Mae ne comprend pas mais ne s'en formalise pas outre mesure, habituée aux inventions farfelues de la marginale.
— Pour te changer les idées. Va savoir, la vérité est peut-être au fond du pot de crème glacée, argumente l'excentrique, avec une construction étonnante pour un raisonnement aussi absurde.
— Mais… on en fait jamais, relève Maena, pas opposée à la proposition, simplement étonnée.
— Ouais. Parce que sinon Nels serait exclus. Mais puisqu'il nous boude, autant en profiter, non ? Ellen révèle la véritable clé derrière son idée, la mixité de leur trio écartant en effet souvent la possibilité de certaines activités typiquement pratiquées entre membres du même genre.

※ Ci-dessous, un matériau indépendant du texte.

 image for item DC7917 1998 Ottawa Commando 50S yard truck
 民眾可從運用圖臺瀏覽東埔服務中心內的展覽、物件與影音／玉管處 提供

Si elle était honnête, la marginale dirait qu'elles sont tout autant contrariées par le comportement de Nelson qu'il l'est par le leur. Mais c'est toujours plus facile de blâmer l'autre que d'admettre qu'on y est soi-même aussi un peu pour quelque chose, dans une dispute.
— Hm. D'accord, je suis partante, la blondinette accepte finalement avec un sourire, facilement convaincue.
— Yes ! Victoire par noix de Macadamia ! célèbre discrètement l'excentrique, avant de se redresser brusquement sur sa chaise, leur enseignant venant de faire volte-face, sur le devant la classe, entre le tableau et son bureau.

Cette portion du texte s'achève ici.